→ **Problem to work on**: Leaving out every picture, copy the lines of the material below exactly, from the line containing "ساینا اس مدل ۴۰۱" through the line containing "KIA FORTE 2015 - KNAFK4A64F5348178".

→ **Information provided**:
• • • • • • •
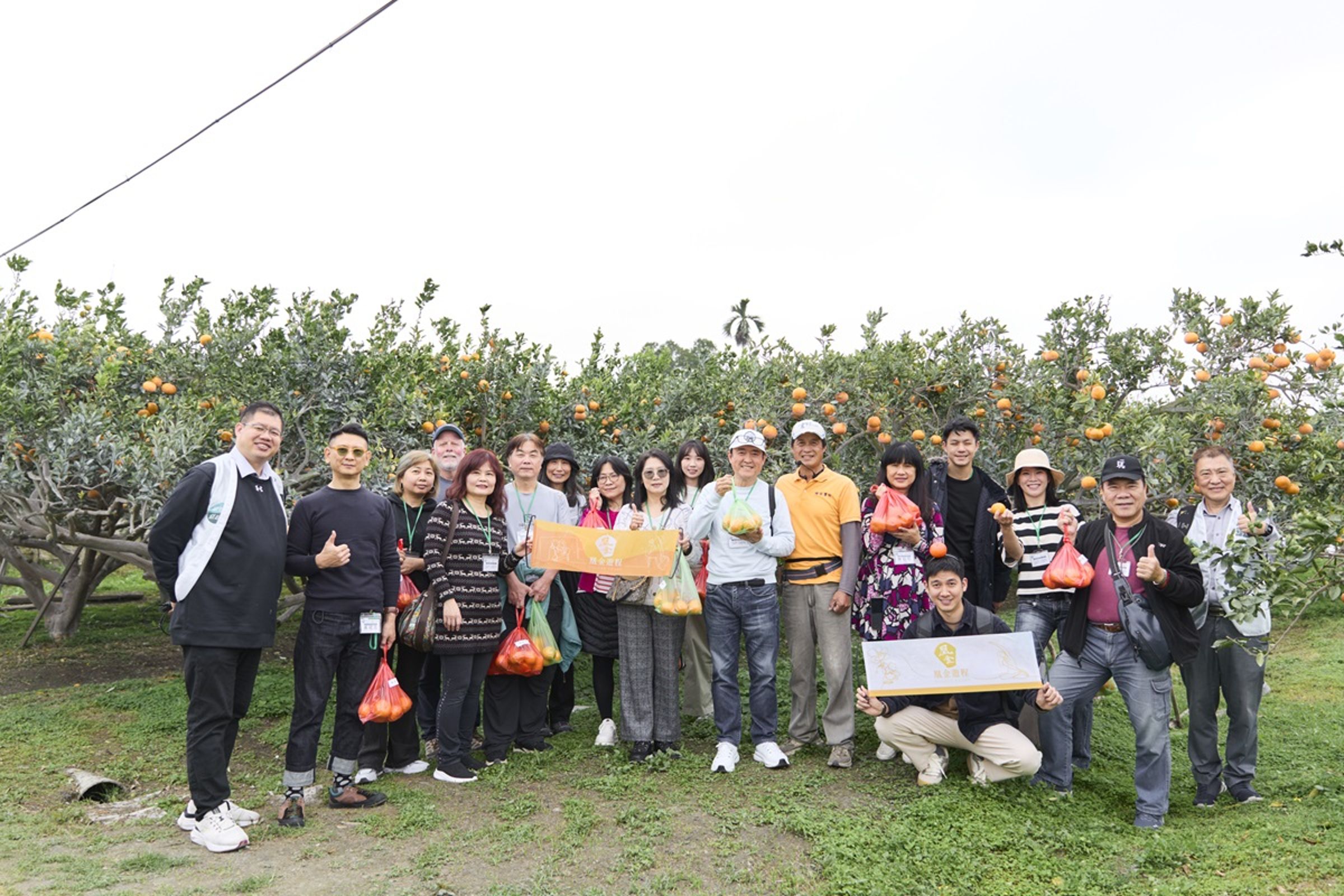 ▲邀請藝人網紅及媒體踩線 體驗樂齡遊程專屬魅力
• • • • • • •
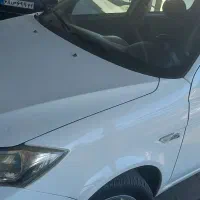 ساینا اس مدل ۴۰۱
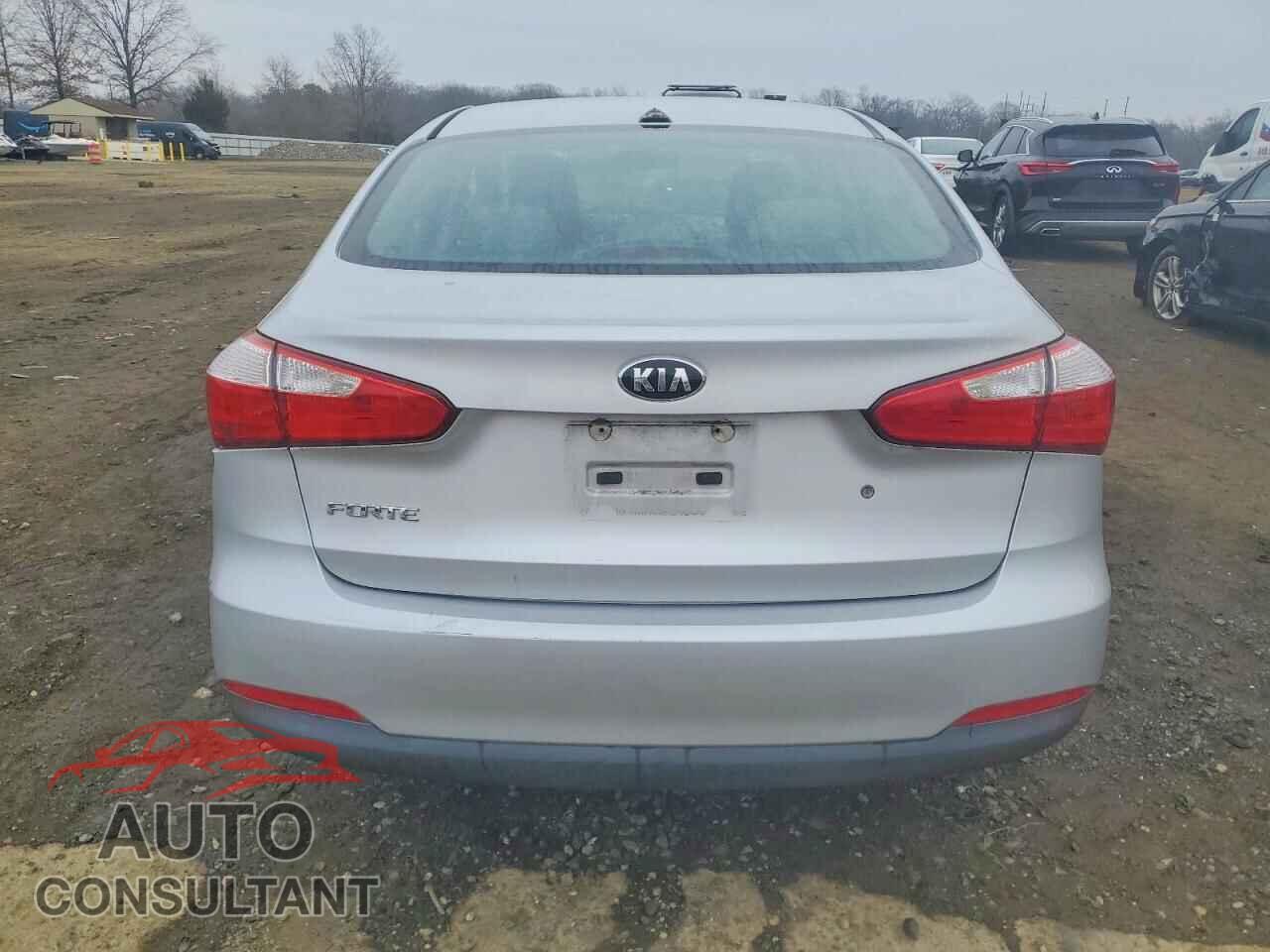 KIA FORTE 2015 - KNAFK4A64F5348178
• • • • • • •
→ **Reply to the task**:
 ساینا اس مدل ۴۰۱
 KIA FORTE 2015 - KNAFK4A64F5348178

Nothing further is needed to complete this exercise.